Imagine Fife is inexplicably hit by a massive freak snowstorm. Teaching is suspended for the next week and you and a friend decide to escape the cold by jetting over to Morocco for a few days. You book a couple seats on the next budget flight out, reserve an Airbnb, and set out. Reaching Edinburgh Airport, you pass security, display your ticket at the gate, and get on the plane. Arriving in Morocco you step off the plane and climb into a taxi. No tourist visa is needed and you left your passports at home. You never saw a border guard and nobody record your entry into the country. It sounds fanciful, but just over a hundred years ago it was the global norm.
‘The inhabitant of London could order by telephone, sipping his morning tea in bed, the various products of the whole earth’, wrote renowned economist John Maynard Keynes in 1919, ‘…could at the same moment and by the same means adventure his wealth in the natural resources and new enterprises of any quarter of the world, [and] he could secure forthwith, if he wished it, cheap and comfortable means of transit to any country or climate without passport or other formality.’
For most of history ‘borders’ were purely political; they denoted where one state’s authority ended and another’s began. Governments took note of border crossings by soldiers and statesmen (though in many parts of the world even this was rather fluid; American soldiers routinely ventured into Mexico for various reasons without consequence well into the 20th century, for example), but to regulate the movements of private citizens would have seemed excessive if not undesirable until the First World War. In fact, until the outbreak of war in 1914 the above paragraph held true for the average middle-class individual in most industrialized countries. Regulated borders and controls like passports, visas, permits, and tariffs were created about a hundred years ago.
What is interesting about this is that, historically speaking, there was no general trend towards borders. The world was actually becoming increasingly open, both economically and culturally. Its end was abrupt. Walls began to go up all of a sudden at the outbreak of war. The next decades saw isolationism, fascism, the Iron Curtain, protectionism, and so forth. American western hegemony and Soviet socialist-internationalism never approached the global openness of the pre-1914 period. Today, it seems like the seemingly-inexorable forces of globalization in the years after the fall of the Soviet Union are on the wane. Nations from Russia to the United States (and everywhere in between) are seeing a resurgence of right-wing populism which advocates against immigration and in favour of ever-stronger and more stringent border controls.
These new developments are driven partly by economic anxiety (people don’t want to lose their jobs to immigrants), partly by feelings of cultural incompatibility (people fear immigration will erase cherished traditions and ways of life) and partly by concerns about security (people are afraid that immigrants from, for example, the Middle East, will bring with them radical ideologies and terrorism).

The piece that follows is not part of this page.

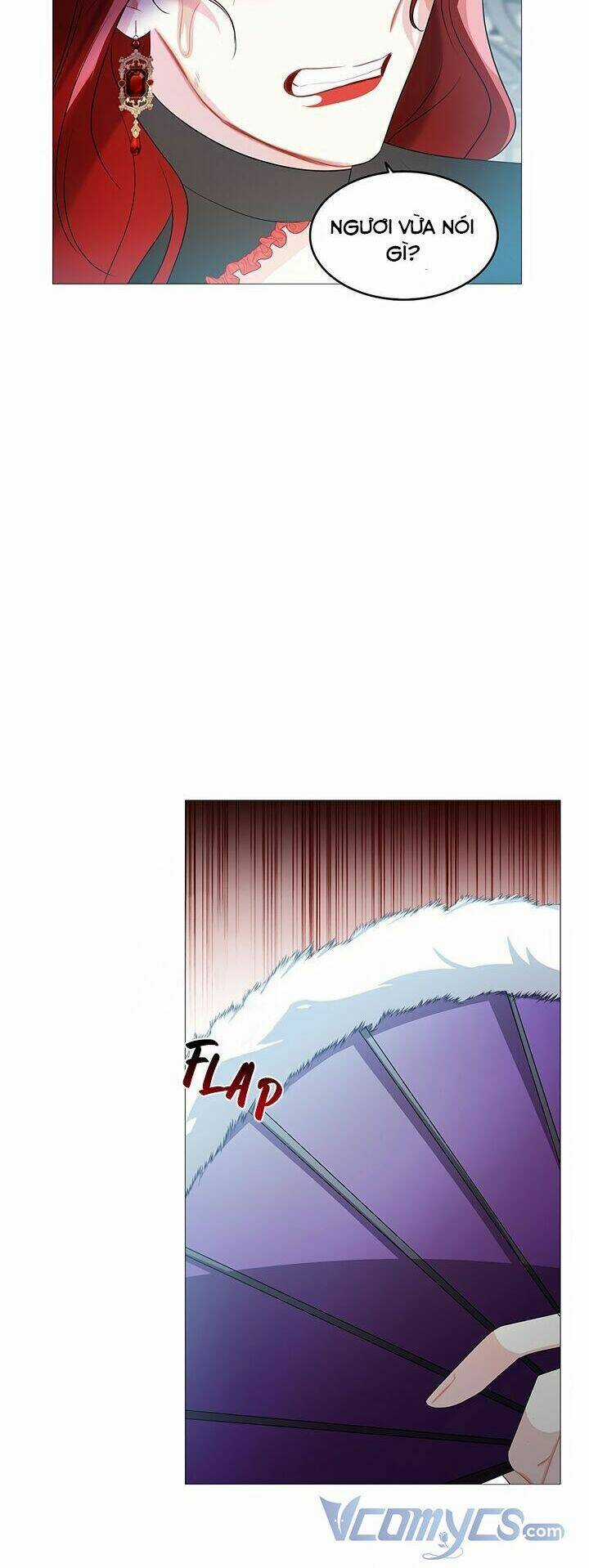 Tôi Sẽ Không Hối Tiếc Vì Anh Đâu Chapter 22 trang 44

Celebrity historian Rutger Bregman, who made waves earlier this year when he chastised a stunned crowd of billionaires at Davos for not paying high enough taxes, has famously argued for a renewal of open borders in his 2016 book Utopia for Realists. Yet despite his rising influence, especially amongst people with leftist political leanings, Bregman remains an outlier, and no sane politician in the west would advocate for open borders, despite a vast number of studies which demonstrate that it would have a hugely positive impact on the world economy.

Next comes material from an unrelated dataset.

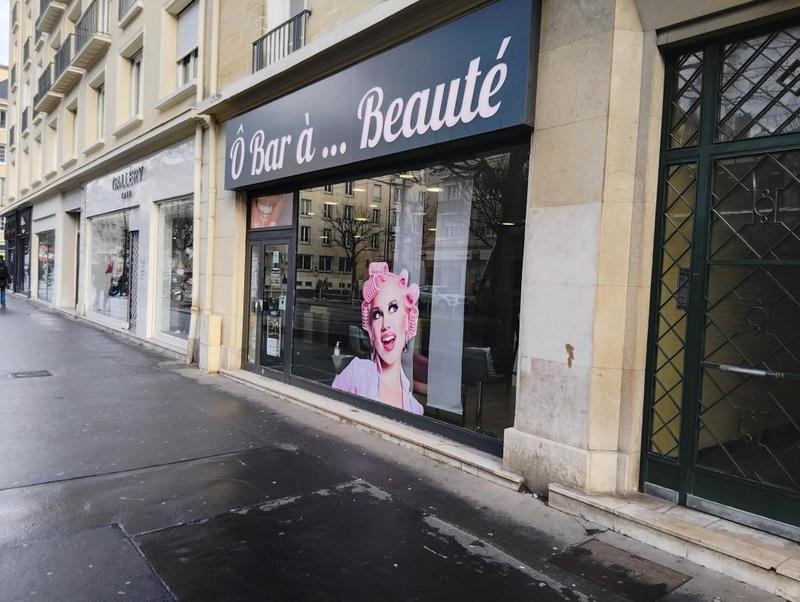 Fonds de commerce - Beauté / Bien-être - 80 m²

Instead, it looks like controlled borders are here to stay. No one in this country is unfamiliar with the sort of anxieties which cause people to build walls: many have argued that concerns over open borders and immigration were key to the Brexit vote. In the U.S., fears over immigration and refugees were a major factor in the election of Donald Trump, who has made a literal pledge to build a massive, thousands-mile-long wall across the U.S.-Mexico border. There is a chance this could change in the next few years: President Trump and Prime Minister Theresa May are both deeply unpopular, and the next wave of elections could see left-wing governments brought to power in both countries. But even should that happen the pendulum is not likely to swing too far in the direction of Keynes’ picture of an open world. For now, don’t leave your passport at home.